Babbling brook is from Shakespeare.

p. 122, 1. 28.

But who has sketched the fragrance of the rose? Mr. Paine remembered the Greek epigram.

p. 124,

The Stanzas to Mr. Brattle, though somewhat extravagant, are very pleasing. The last quatrain, particularly the second line, is imagined in the true spirit of encomiastick poetry.

p. 127, 1. 1 sqq.

Thou injured maid, to gain whose secret name.

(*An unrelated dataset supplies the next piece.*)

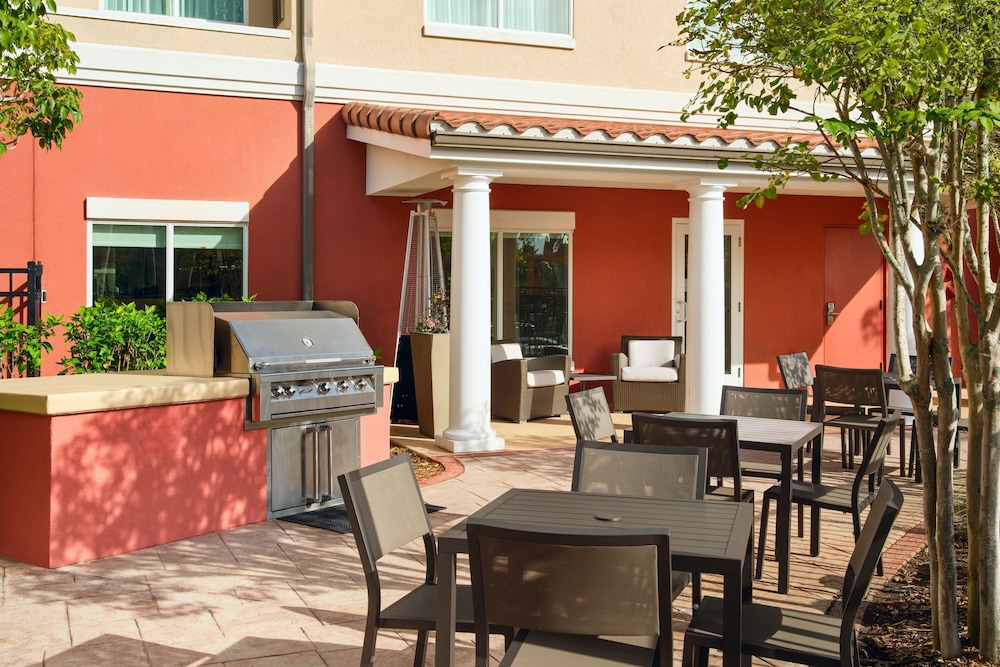 Residence Inn Fort Myers at I-75 and Gulf Coast Town Center 33/53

This, and the three next lines are striking. Arrected ears, is word for word from Virgil, auribus arrectis. The whispering gallery of fame, though savouring somewhat of Cowley, is a happy thought The watch tower of the winds, Mr. Paine owes to his recollection of the Octagon tower of Andronicus Cyrrhestes, of which Vitruvius takes notice, and to which Stuart assigns his third chapter of the Antiquities of Athens. It is now a Turkish chapel, called the Teckeh. The channels in the pavement, Stuart supposes to be the remains of a water dial. His margin refers us to Suidas, Pausanias, Aristophanes, Plutarch, Hesychius and Pliny. Stuart confesses that Vitruvius's silence is unfavourable to his conjecture; but then Vitruvius, he observes, is silent also as to the sun dials about the building, which were there, in his time, as appears from Varro, who calls the tower, the Horologium of Cyrrhestes. Horologium, he adds, signifies not only a sun dial but a water dial. He also adds, that a sun dial and a water dial, were placed together in the baths of Hippias, which Lucian has described, and that it appears probable from Pliny, that both those species of dials were in the Roman Forum.

p. 27, 1. 22.

In voice a Circe, and in poison too.

This line Mr. Paine afterwards employed in the Invention of Letters.

SONNET TO PHILENIA, &C.

This sonnet, notwithstanding the uncouth union of mercantile phraseology with gallantry and rhyme, is marked by some. fine strains. The twelfth and thirteenth lines are eminently beautiful. From the sincere admiration entertained by Mr. Paine for the lady, to whom some of his best verses are addressed, he seldom failed to derive inspiration.

p. 140, 1. 20.

When prudish Sanctity congeals the soul.

This verse I suspect is far from being universally true. Eloisas are still found in convents.